[Short descriptive text snippets]

BEGIN

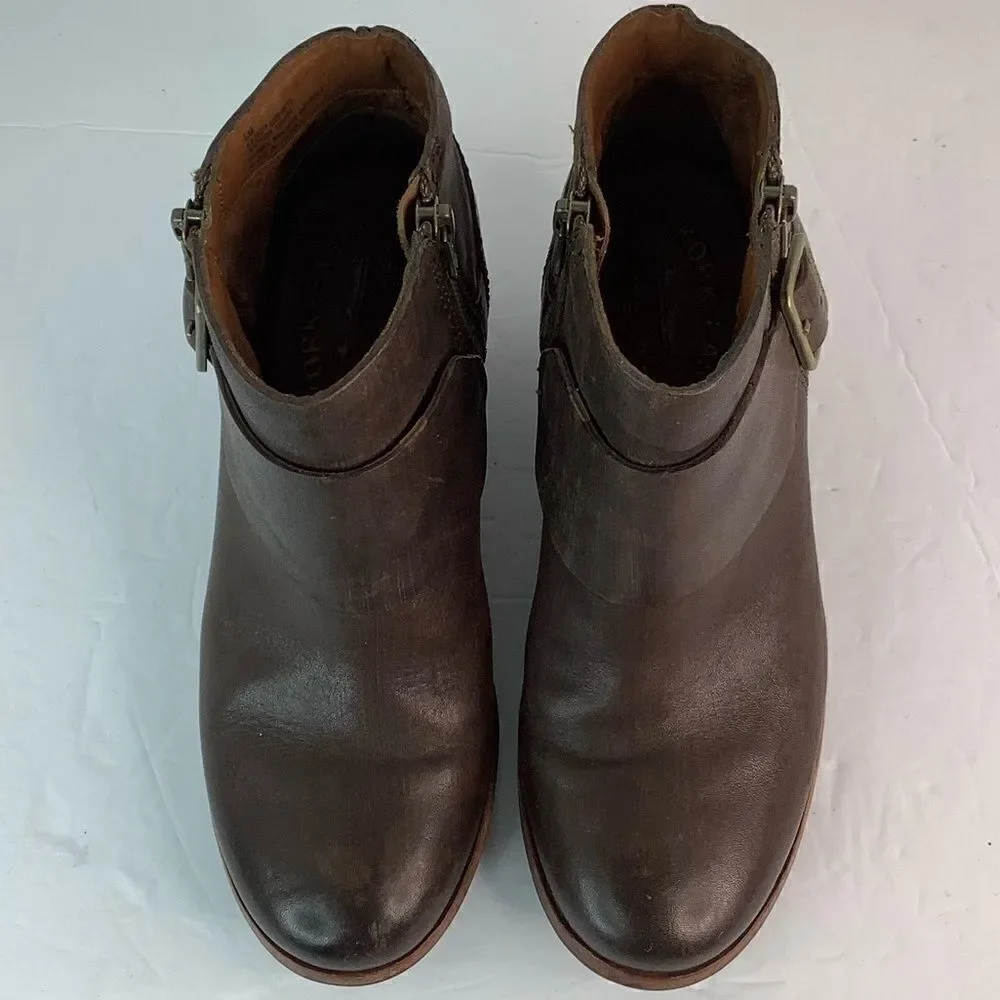 Kork-Ease Block Heel Round Toe Belted Ankle Brown Leather Ankle Booties Sz 6M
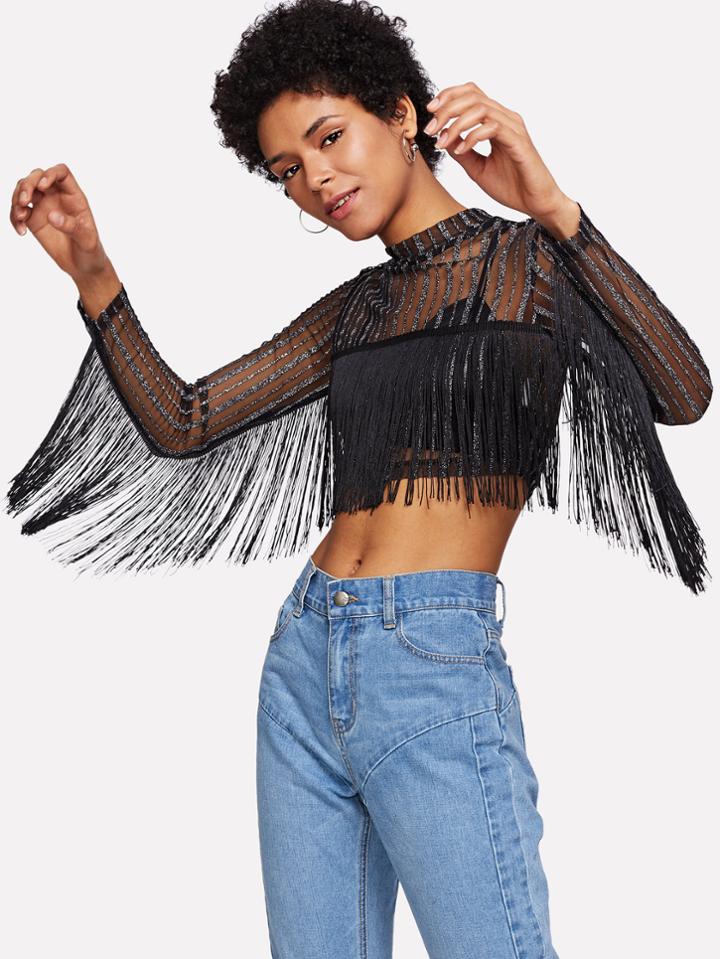 Romwe Fringe Detail Striped Glitter Mesh Top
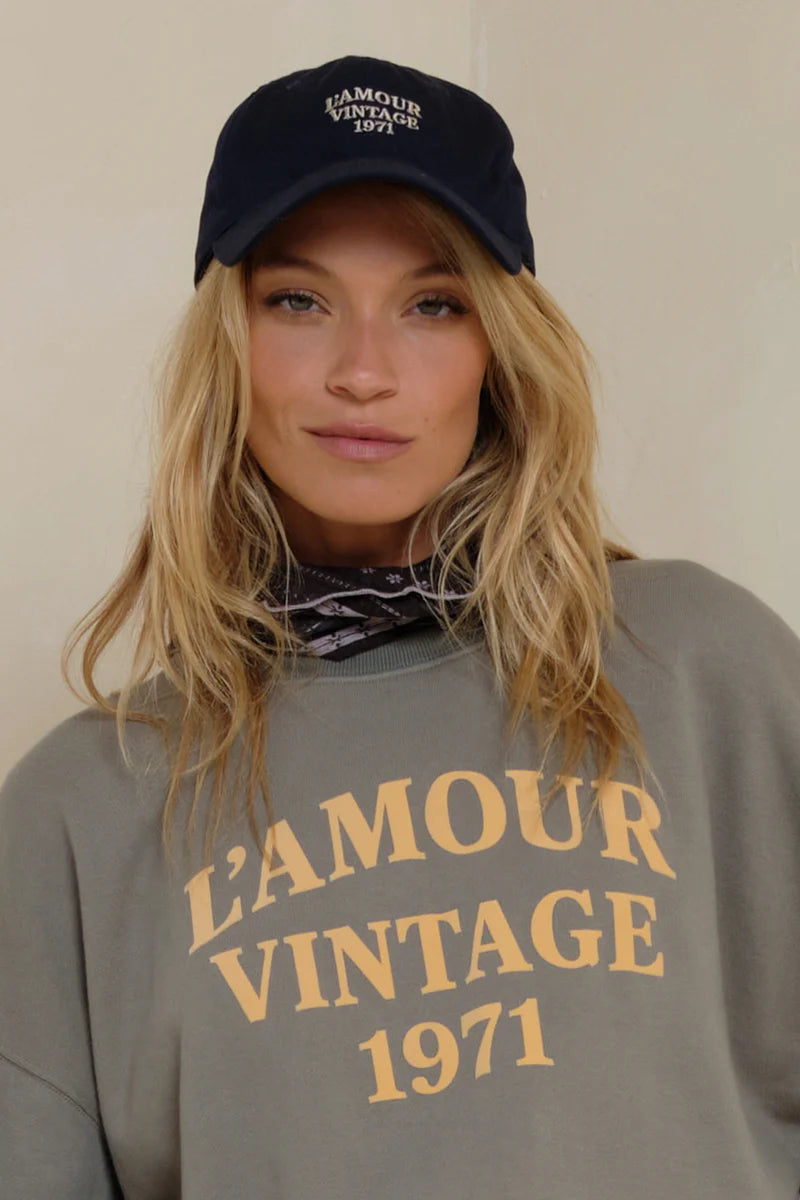 Lilya L'Amour Vintage Cap Navy - side profile view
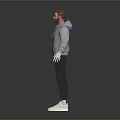 Digital Male Character Wearing Gray Hoodie Black Pants and White Shoes as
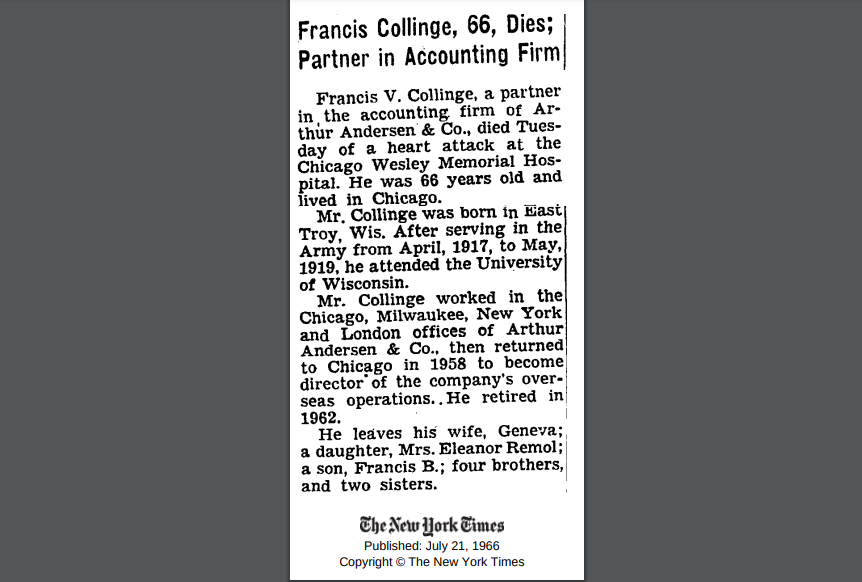 StudentLoanJus1's tweet photo. My Grandfather, who passed before I was born.
I was surprised to just find this in the NY Times archive.
Really surprised to see it.
He was a WWI Vet, who became quite the accountant!
Wisconsin boy made good in the Big City-
Pretty Cool...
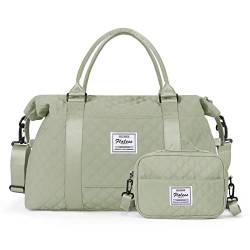 HYC00 Reisetasche Damen Sporttasche Handgepäck Tasche,Weekend Bag mit Kulturbeutel&Nasstasche,Wasserdicht Schwimmtasche Travel Duffle Bag,Fitnesstasche Trainingstasche Frauen Tragetasche,Hell Grün von HYC00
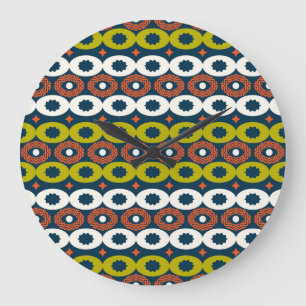 African Oval Shapes: Colourful Seamless. Large Clock
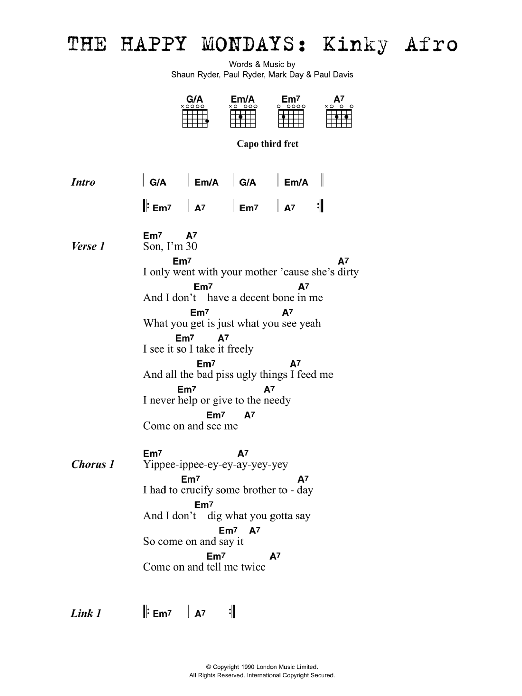 Happy Mondays Kinky Afro sheet music notes and chords arranged for Guitar Chords/Lyrics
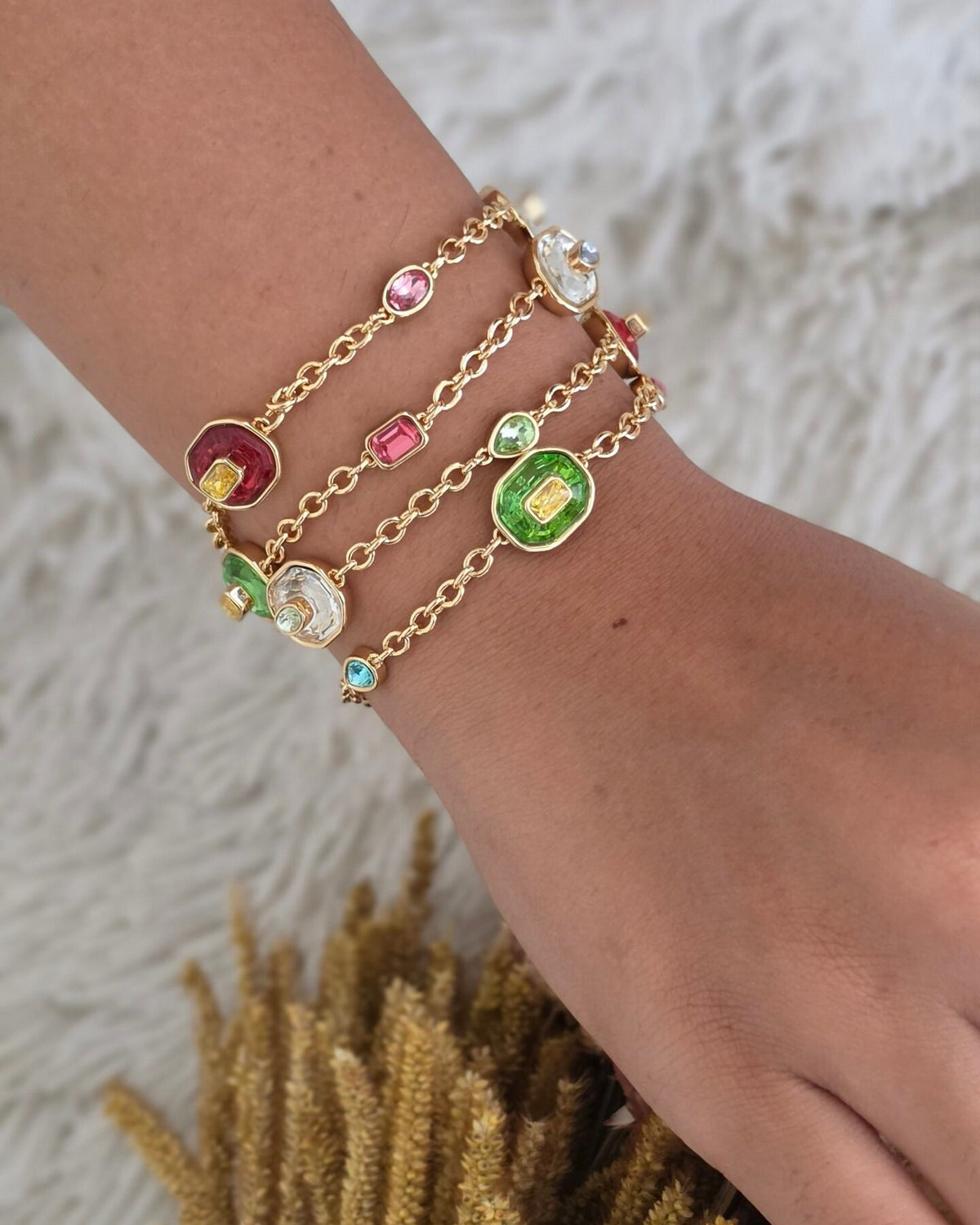 Joss semi-precious stone bracelet, worn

END

## WORK REQUIRED
The last line of the entries marks the end, and the line with "African Oval Shapes: Colourful" marks the start. Output exactly those two lines and every line between them, nothing else, with the pictures left out.

## SOLUTION TO THIS TASK
 African Oval Shapes: Colourful Seamless. Large Clock
 Happy Mondays Kinky Afro sheet music notes and chords arranged for Guitar Chords/Lyrics
 Joss semi-precious stone bracelet, worn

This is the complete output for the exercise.